Emma Sulkowitz, a senior at Columbia has vowed to carry around a dorm mattress until she no longer has to go to school with her alleged rapist. Columbia administrators dismissed her claim that she was sexually assaulted in her dorm room her sophomore year, and have adamantly refused to allow any investigation.
“Carry that weight” is what she is calling her display; many people call it a protest, but she prefers to see it as a work of art. In an interview with Today, Sulkowitz mentions that she will be using this as her senior thesis project as well as a statement as to how the university has handled the situation.
Sulkowitz has made national headlines and gotten incredibly positive responses. This brave young woman is standing up to her administrators, refusing to be dismissed to avoid embarrassing press headlines.
Unfortunately, she is one of few.
Sixty-four colleges are under investigation for sweeping claims under the rug in the interest of public relations.
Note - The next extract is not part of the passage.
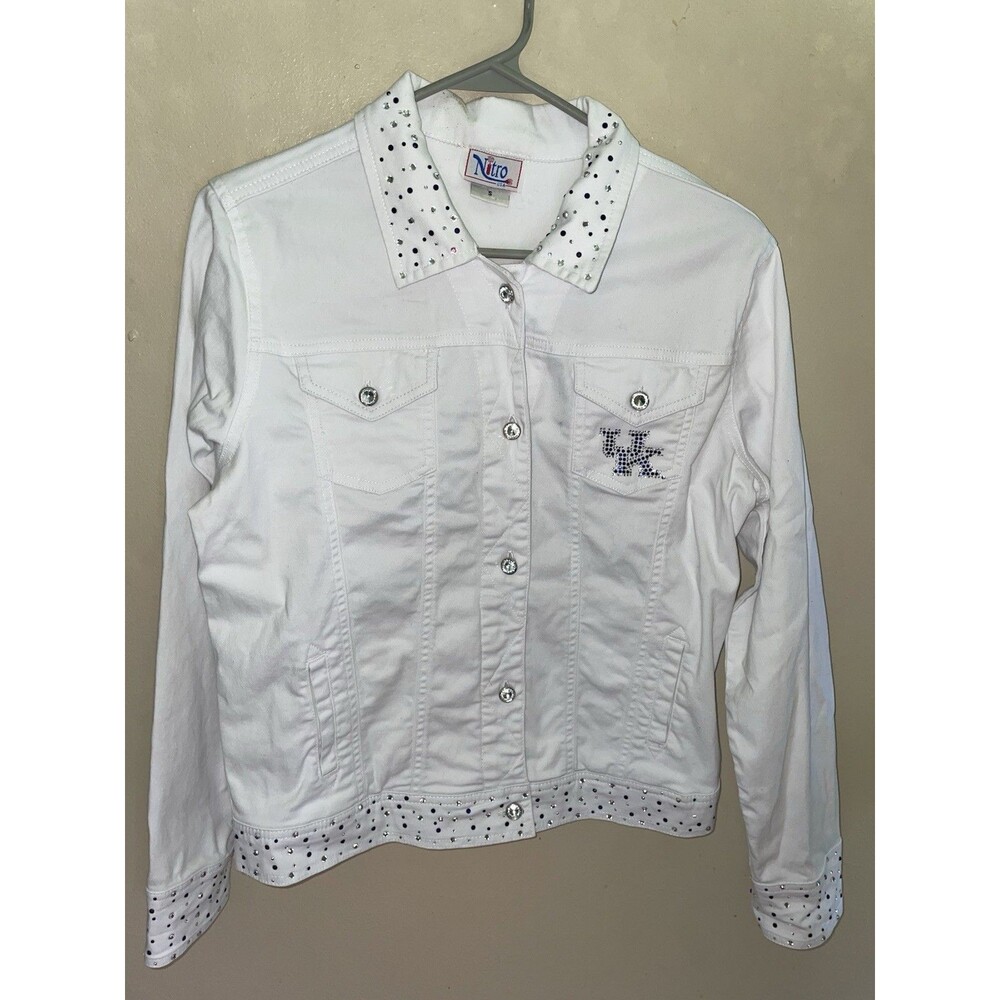 Nitro USA University of Kentucky White Rhinestone Jean Jacket Size S UK Wildcats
From the looks of it, rape allegations are more about maintaining the good graces of the public, and less about the safety of students.
Colorado State wasn’t on that list – one of the only universities in Colorado to be exempt from investigation – but was later added as part of the proactive compliance review. And while I applaud that administrators here have apparently failed to violate Title IX, I don’t think that means they have handled every sexual assault claim flawlessly. I am not naive enough to think that there aren’t survivors on campus still stung by interviews with CSU administrators and failing to see swift, appropriate action being taken.
We may not be under investigation, but that doesn’t mean that we can afford to think that this University doesn’t contribute to “rape culture.”
Nationwide, there is a fair amount of blaming the victim – shaming those that choose to dress in what others deem “slutty” or choose to walk alone at night. Because, after all, didn’t she contribute to what happened if she was intoxicated, or alone or scantily clad?
Oftentimes sexual assault claims that land on the desks of the higher-ups are taken with a grain of salt because while, yes, this is a terrible thing that happened, the victim has to assume his or her fair share of the blame, right?
We can make freshmen watch all the EDU’s that we want about how, regardless of how people dress or act or what level of intoxication they are at, no one is ever “asking for it.” And I applaud the Women and Gender Advocacy Center for everything that they do, especially their Consent Turns Me On campaign, aimed at helping people understand what consent means and how to obtain it.
President Obama and Vice President Biden recently joined university leaders and other organizations to launch the “It’s On Us” campaign, aimed at making prevalent the understanding that “it’s on us – all of us – to fight campus sexual assault.”
But until this understanding permeates every student on every campus, and until colleges become less interested in negative press and more interested in the safety of students, sexual assault on college campuses will continue.
It’s on us, Rams. Let’s do our part to end sexual violence on campus.